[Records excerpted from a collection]

┌────────

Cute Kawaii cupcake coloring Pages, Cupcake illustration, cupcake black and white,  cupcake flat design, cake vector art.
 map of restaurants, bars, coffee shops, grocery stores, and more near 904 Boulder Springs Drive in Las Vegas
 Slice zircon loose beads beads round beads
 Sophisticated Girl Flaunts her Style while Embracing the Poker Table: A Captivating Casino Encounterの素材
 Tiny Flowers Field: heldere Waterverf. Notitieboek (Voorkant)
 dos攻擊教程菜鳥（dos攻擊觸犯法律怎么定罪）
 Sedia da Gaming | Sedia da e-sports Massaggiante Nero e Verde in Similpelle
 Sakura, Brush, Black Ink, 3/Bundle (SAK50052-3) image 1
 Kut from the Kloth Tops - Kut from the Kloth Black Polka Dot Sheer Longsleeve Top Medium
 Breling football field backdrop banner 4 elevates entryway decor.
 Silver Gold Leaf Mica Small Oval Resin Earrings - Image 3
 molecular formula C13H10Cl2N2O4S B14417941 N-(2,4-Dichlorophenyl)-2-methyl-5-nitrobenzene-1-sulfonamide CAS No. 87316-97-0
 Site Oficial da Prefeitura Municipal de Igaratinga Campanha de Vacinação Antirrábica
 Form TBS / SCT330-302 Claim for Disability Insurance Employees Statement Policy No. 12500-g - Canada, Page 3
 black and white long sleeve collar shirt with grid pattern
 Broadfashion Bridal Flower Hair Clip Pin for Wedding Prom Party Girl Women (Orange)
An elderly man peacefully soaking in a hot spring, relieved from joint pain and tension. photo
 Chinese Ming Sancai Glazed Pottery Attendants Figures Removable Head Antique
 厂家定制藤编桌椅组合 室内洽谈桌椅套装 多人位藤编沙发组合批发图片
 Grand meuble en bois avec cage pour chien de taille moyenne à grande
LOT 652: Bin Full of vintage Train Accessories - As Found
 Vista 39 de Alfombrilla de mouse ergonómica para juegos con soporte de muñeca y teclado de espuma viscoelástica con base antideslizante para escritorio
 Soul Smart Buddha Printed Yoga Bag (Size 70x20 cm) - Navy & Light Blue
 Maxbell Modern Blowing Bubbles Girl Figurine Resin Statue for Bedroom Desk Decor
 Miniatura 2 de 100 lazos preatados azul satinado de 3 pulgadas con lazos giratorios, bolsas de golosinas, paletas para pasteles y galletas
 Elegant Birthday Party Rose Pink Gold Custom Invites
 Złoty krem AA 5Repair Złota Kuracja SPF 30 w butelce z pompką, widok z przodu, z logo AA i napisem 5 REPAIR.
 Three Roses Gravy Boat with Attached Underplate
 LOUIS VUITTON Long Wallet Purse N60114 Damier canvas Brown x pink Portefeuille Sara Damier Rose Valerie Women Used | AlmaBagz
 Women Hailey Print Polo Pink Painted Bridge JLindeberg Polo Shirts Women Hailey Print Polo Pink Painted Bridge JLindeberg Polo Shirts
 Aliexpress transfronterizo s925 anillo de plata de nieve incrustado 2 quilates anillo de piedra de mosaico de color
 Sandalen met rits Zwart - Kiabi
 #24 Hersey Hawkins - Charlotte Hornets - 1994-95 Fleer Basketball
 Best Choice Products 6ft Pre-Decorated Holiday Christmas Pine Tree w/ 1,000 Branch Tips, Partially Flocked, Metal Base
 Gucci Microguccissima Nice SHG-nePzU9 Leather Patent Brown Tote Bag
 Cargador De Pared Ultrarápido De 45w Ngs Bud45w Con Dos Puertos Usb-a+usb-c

└────────

TASK: Find "black and white long" in the records above. Repeat its line and every later line exactly, through the last one.

PROBLEM SOLUTION:
 black and white long sleeve collar shirt with grid pattern
 Broadfashion Bridal Flower Hair Clip Pin for Wedding Prom Party Girl Women (Orange)
An elderly man peacefully soaking in a hot spring, relieved from joint pain and tension. photo
 Chinese Ming Sancai Glazed Pottery Attendants Figures Removable Head Antique
 厂家定制藤编桌椅组合 室内洽谈桌椅套装 多人位藤编沙发组合批发图片
 Grand meuble en bois avec cage pour chien de taille moyenne à grande
LOT 652: Bin Full of vintage Train Accessories - As Found
 Vista 39 de Alfombrilla de mouse ergonómica para juegos con soporte de muñeca y teclado de espuma viscoelástica con base antideslizante para escritorio
 Soul Smart Buddha Printed Yoga Bag (Size 70x20 cm) - Navy & Light Blue
 Maxbell Modern Blowing Bubbles Girl Figurine Resin Statue for Bedroom Desk Decor
 Miniatura 2 de 100 lazos preatados azul satinado de 3 pulgadas con lazos giratorios, bolsas de golosinas, paletas para pasteles y galletas
 Elegant Birthday Party Rose Pink Gold Custom Invites
 Złoty krem AA 5Repair Złota Kuracja SPF 30 w butelce z pompką, widok z przodu, z logo AA i napisem 5 REPAIR.
 Three Roses Gravy Boat with Attached Underplate
 LOUIS VUITTON Long Wallet Purse N60114 Damier canvas Brown x pink Portefeuille Sara Damier Rose Valerie Women Used | AlmaBagz
 Women Hailey Print Polo Pink Painted Bridge JLindeberg Polo Shirts Women Hailey Print Polo Pink Painted Bridge JLindeberg Polo Shirts
 Aliexpress transfronterizo s925 anillo de plata de nieve incrustado 2 quilates anillo de piedra de mosaico de color
 Sandalen met rits Zwart - Kiabi
 #24 Hersey Hawkins - Charlotte Hornets - 1994-95 Fleer Basketball
 Best Choice Products 6ft Pre-Decorated Holiday Christmas Pine Tree w/ 1,000 Branch Tips, Partially Flocked, Metal Base
 Gucci Microguccissima Nice SHG-nePzU9 Leather Patent Brown Tote Bag
 Cargador De Pared Ultrarápido De 45w Ngs Bud45w Con Dos Puertos Usb-a+usb-c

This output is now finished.